# WHAT YOU HAVE TO DO
Would you please retype, exactly, the lines of the listing below between the line with "Especially when you're" and the line with "If you plan", inclusive?

# DATA FOR THIS EXERCISE
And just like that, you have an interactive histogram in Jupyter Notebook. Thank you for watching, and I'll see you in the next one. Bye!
==
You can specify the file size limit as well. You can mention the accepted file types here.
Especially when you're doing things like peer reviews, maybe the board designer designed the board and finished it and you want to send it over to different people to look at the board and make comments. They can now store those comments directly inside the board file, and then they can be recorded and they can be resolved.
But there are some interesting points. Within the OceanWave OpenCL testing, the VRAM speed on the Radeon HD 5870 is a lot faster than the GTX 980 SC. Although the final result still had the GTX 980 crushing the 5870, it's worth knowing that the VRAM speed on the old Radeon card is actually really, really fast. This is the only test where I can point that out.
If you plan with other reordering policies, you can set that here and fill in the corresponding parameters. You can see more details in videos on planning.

# ANSWER TO THIS PROBLEM
Especially when you're doing things like peer reviews, maybe the board designer designed the board and finished it and you want to send it over to different people to look at the board and make comments. They can now store those comments directly inside the board file, and then they can be recorded and they can be resolved.
But there are some interesting points. Within the OceanWave OpenCL testing, the VRAM speed on the Radeon HD 5870 is a lot faster than the GTX 980 SC. Although the final result still had the GTX 980 crushing the 5870, it's worth knowing that the VRAM speed on the old Radeon card is actually really, really fast. This is the only test where I can point that out.
If you plan with other reordering policies, you can set that here and fill in the corresponding parameters. You can see more details in videos on planning.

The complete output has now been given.